** WHAT IS REQUIRED **
Only the pictures are to be left out; return the rest of the data exactly as it stands.

** COLLECTED DATA **
—————

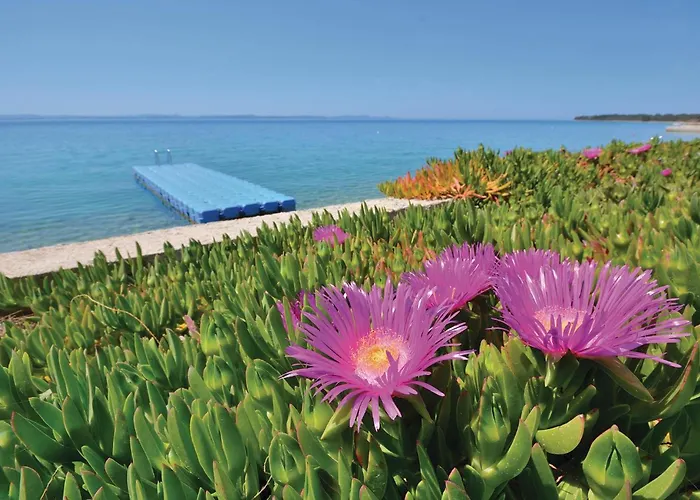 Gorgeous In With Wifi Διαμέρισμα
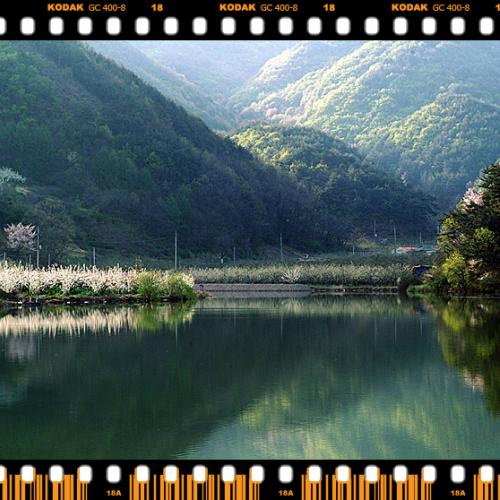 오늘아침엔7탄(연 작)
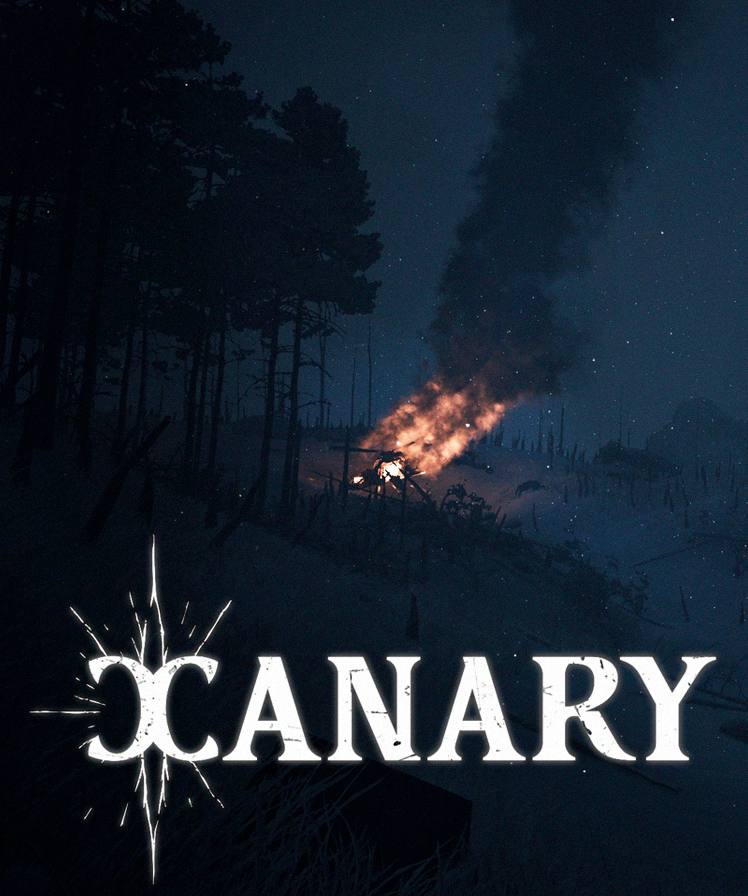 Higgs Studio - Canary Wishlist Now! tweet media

—————

** OUTPUT OF THE EXERCISE **
 Gorgeous In With Wifi Διαμέρισμα
 오늘아침엔7탄(연 작)
 Higgs Studio - Canary Wishlist Now! tweet media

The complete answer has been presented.